Berdasarkan studi pendahuluan di SMAN 6 Malang, kemampuan siswa dari siswa kelas sepuluh dalam menulis teks recount kurang memuaskan. Sebagian besar siswa mempunyai masalah dengan isi, organisasi, kosa kata, dan tata bahasa (grammar) begitu juga dengan kurangnya kepercayaan diri dalam menulis. Hasilnya dapat diketahui bahwa 65% dari 23 siswa tidak menyukai mengarang dalam bahasa Inggris. Menulis diari diusulkan sebagai sebuah strategi alternatif untuk mengatasi kesulitan siswa dalam menulis. Menulis diary menggambarkan tentang kegiatan sehari-hari siswa dan mereka membutuhkan buku pribadi untuk menulis tentang kehidupan mereka. Selain melatih siswa untuk menulis dengan baik, strategi ini dapat membangun hubungan yang lebih dekat antara siswa dengan guru (Bahasa Inggris) mereka. Penelitian ini bertujuan untuk mengetahui bagaimana pelaksanaan dari diari sebagai strategi ini untuk meningkatkan kemampuan dari siswa kelas sepuluh di SMA Negeri 6 Malang dalam menulis teks recount.

Penelitian ini adalah Penelitian Tindakan Kelas yang terdiri dari dua siklus, dan setiap siklus terdiri dari tiga pertemuan. Setiap pertemuan terdiri dari tiga kegiatan; kegiatan awal, kegiatan inti, kegiatan penutup. Di siklus pertama, peneliti menggunakan WH-questions untuk menuntun siswa menulis outline dari teks recount. Pada siklus kedua, peneliti memberi beberapa macam topik. Seorang rekan peneliti ditunjuk untuk mengamati perhatian siswa dan keikutsertaan siswa dengan menggunakan tabel pengamatan.

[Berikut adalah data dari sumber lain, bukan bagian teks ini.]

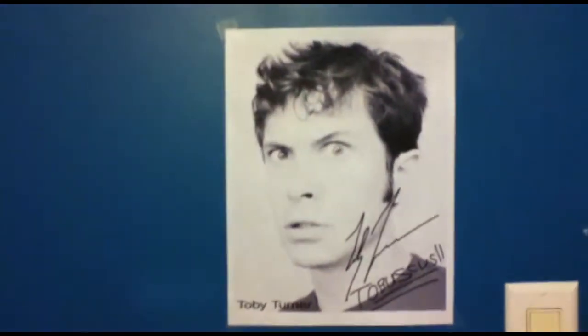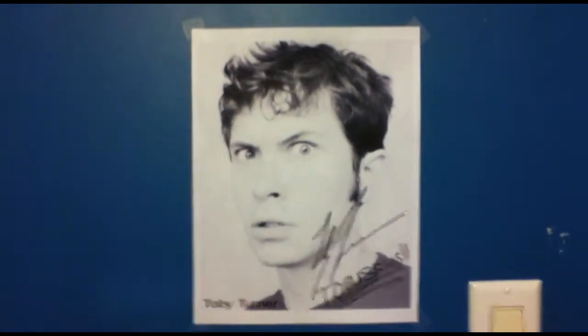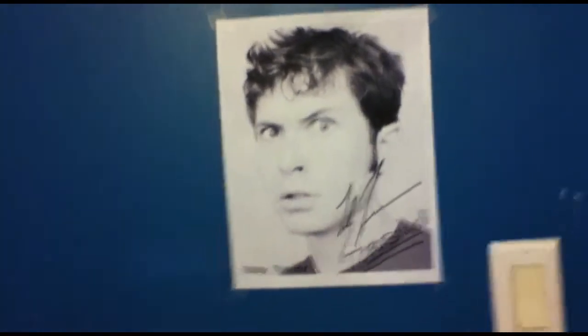You can still see the Toby Turner picture over there. I'll get up and praise the Toby Turner — praise him good. I wonder if that'll be the thumbnail. Thumbs up, because Toby Turner is awesome.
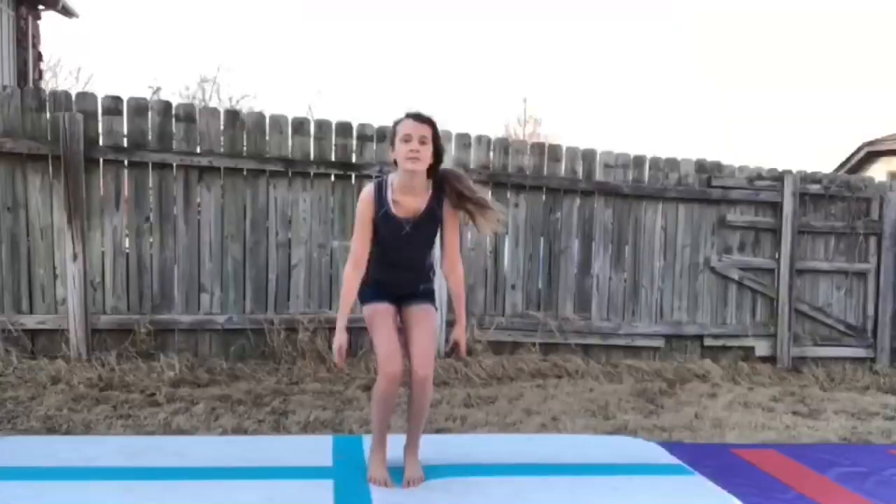J is for Jump. So for K, I decided to do a harder skill — for K, I'm going to do a Kip.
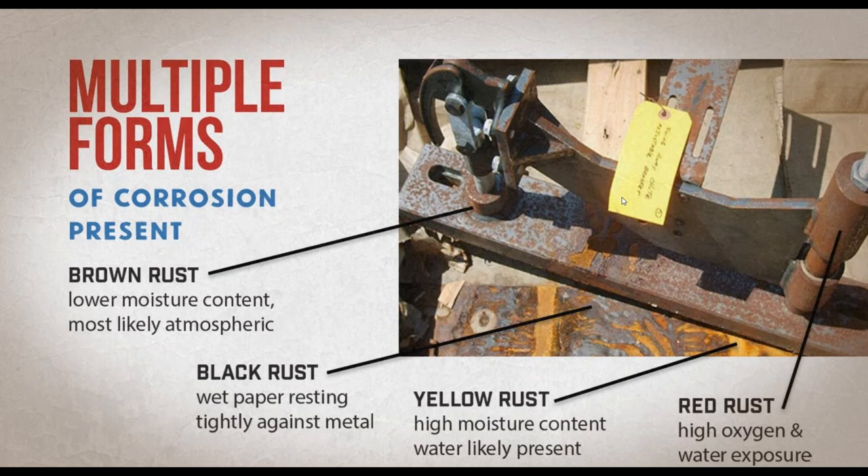If you see black rust on your metal parts, think there was either wet paper or wet film that does not have VCI in it laying against that metal part. Because that metal, while exposed to air, was exposed to a low amount of oxygen — and that's what makes black rust.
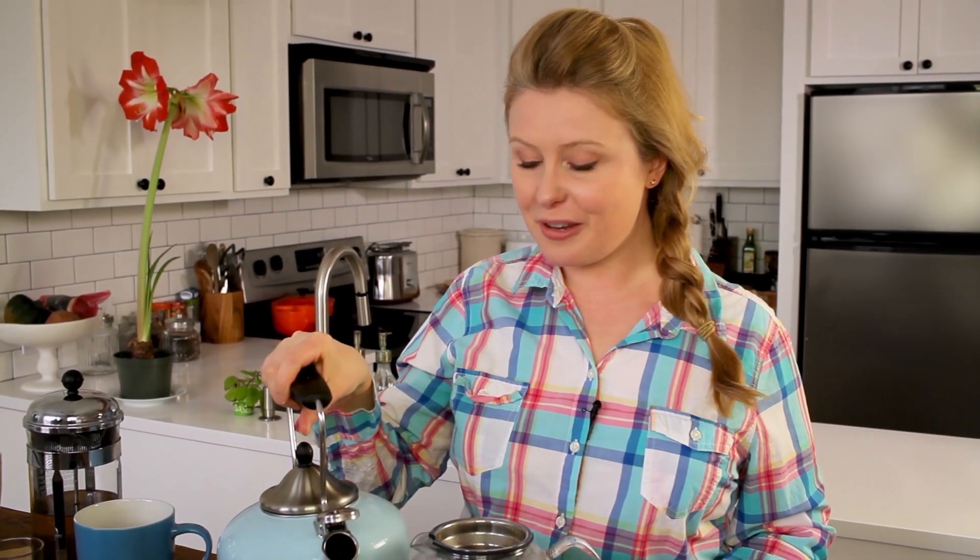I'd love to know — what are your favorite teas to drink? Share with me in the comments. And for more tips like this, be sure to subscribe to my channel.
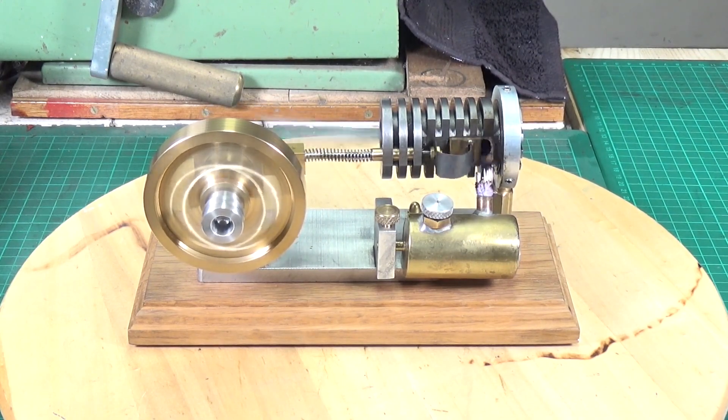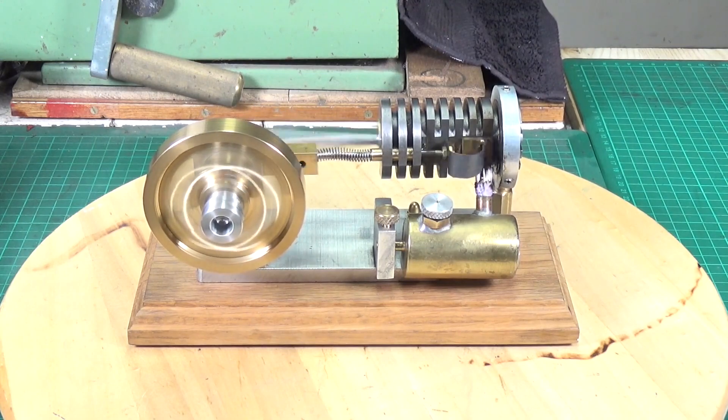I think that'll be it — it's a short video to showcase this because it is a really, really superb engine. I'll put a link to David's YouTube channel in the description because he's got some other amazing engines as well. As always, I hope you've enjoyed this video — thanks very much for watching. Cheers.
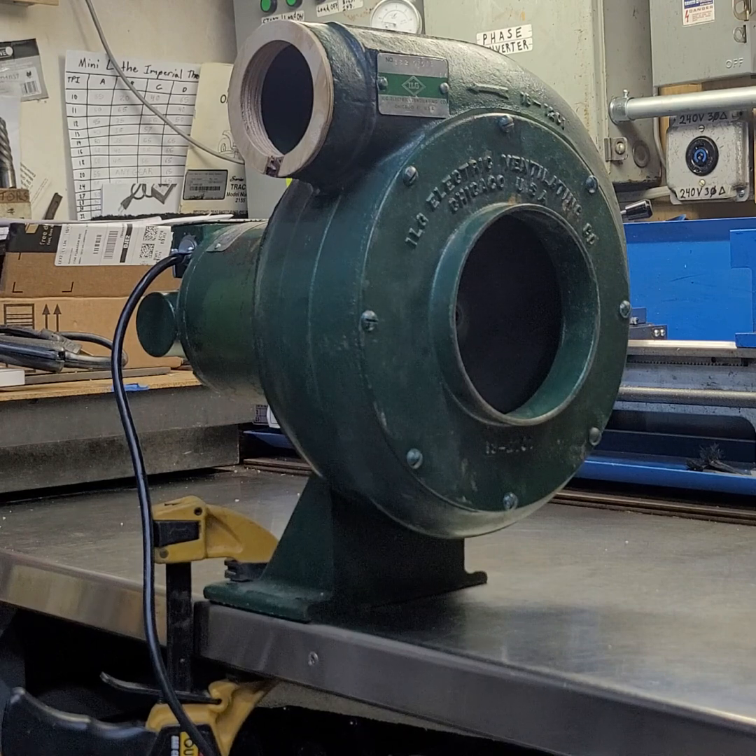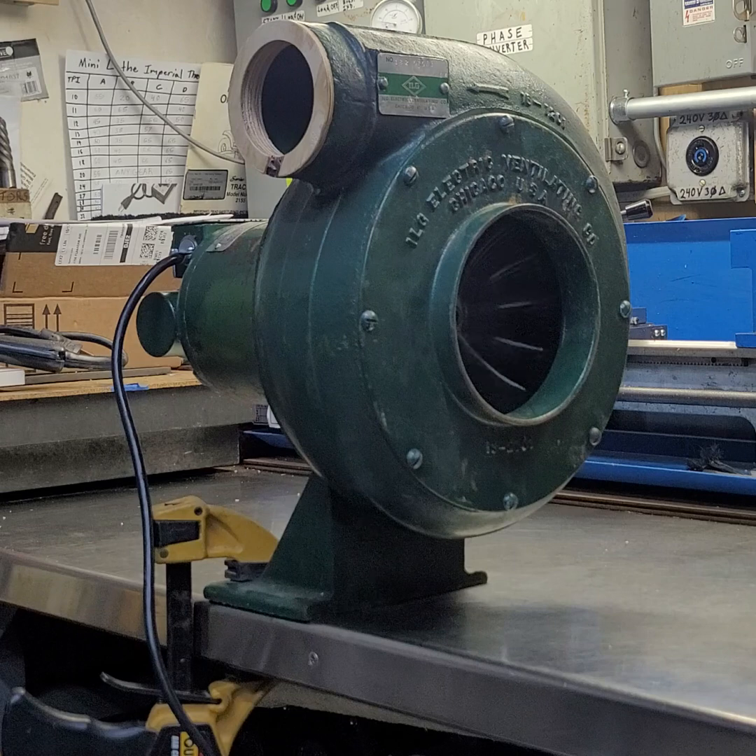The bearings are still original — eventually I'll replace those, but for now they work; they're not terrible, just a little dry and old. Whoever had serviced it last, it did have a tag from a motor shop, so it had been apart at one time. The end bells are aluminum but they have a brass or bronze insert molded into the aluminum end bell, and that's where the bearing journal is — made of that material so it would have less chance of wearing.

Adapun instrumen-instrumen yang digunakan dalam mengambil data adalah dengan memberi tanya-jawab, kuesioner, tabel pengamatan, catatan lapangan, dan hasil kerja siswa. Adapun prosedur yang dijalankan pada penelitian ini ialah sebagai berikut. Pertama, peneliti menjelaskan dasar dari membuat outline berdarkan WHquestions, kemudian siswa mendapatkan handout berisi text dan pertanyaan. Setelah itu, siswa harus menjawab pertanyaan dan mengidentifikasi generic structure dari teks recount. Kemudian siswa menulis teks recount menggunakan WH-questions.

Berdasarkan temuan penelitian, didapatkan bahwa menulis diari dapat dengan efektif meningkatkan kemampuan siswa dalam menulis teks recount dan memperoleh respon positif siswa. Hal ini ditunjukan bahwa 95,66% siswa mencapai tingkat baik dalam hal ini adalah isi dan 52,2 % menjawab " saya suka" yang berhubungan dengan ketertarikan siswa dalam menulis karangan.

Hasil dari penelitian ini juga menunjukkan bahwa diari sebagai kegiatan tambahan telah berhasil meningkatkan kemampuan siswa dalam menulis teks recount. Hasil nilai dari tulisan siswa meningkat dari studi pendahuluan ke siklus 1 dan dari siklus 1 ke siklus 2. Kemudian, hasil nilai rata-rata siswa meningkat dari 63,8 pada studi pendahuluan menjadi 69,5 pada siklus 1 dan 78,91 pada siklus 2.

Sebagai kesimpulan, menulis diari dapat diterapkan untuk meningkatkan kemampuan siswa dalam menulis teks recount pada siswa kelas sepuluh SMA Negeri 6 Malang. Menulis diari sangat membantu untuk membangun respon positif dan ketertarikan siswa dalam belajar bahasa Inggris karena mereka dapat menulis dengan bebas tanpa ada tekanan.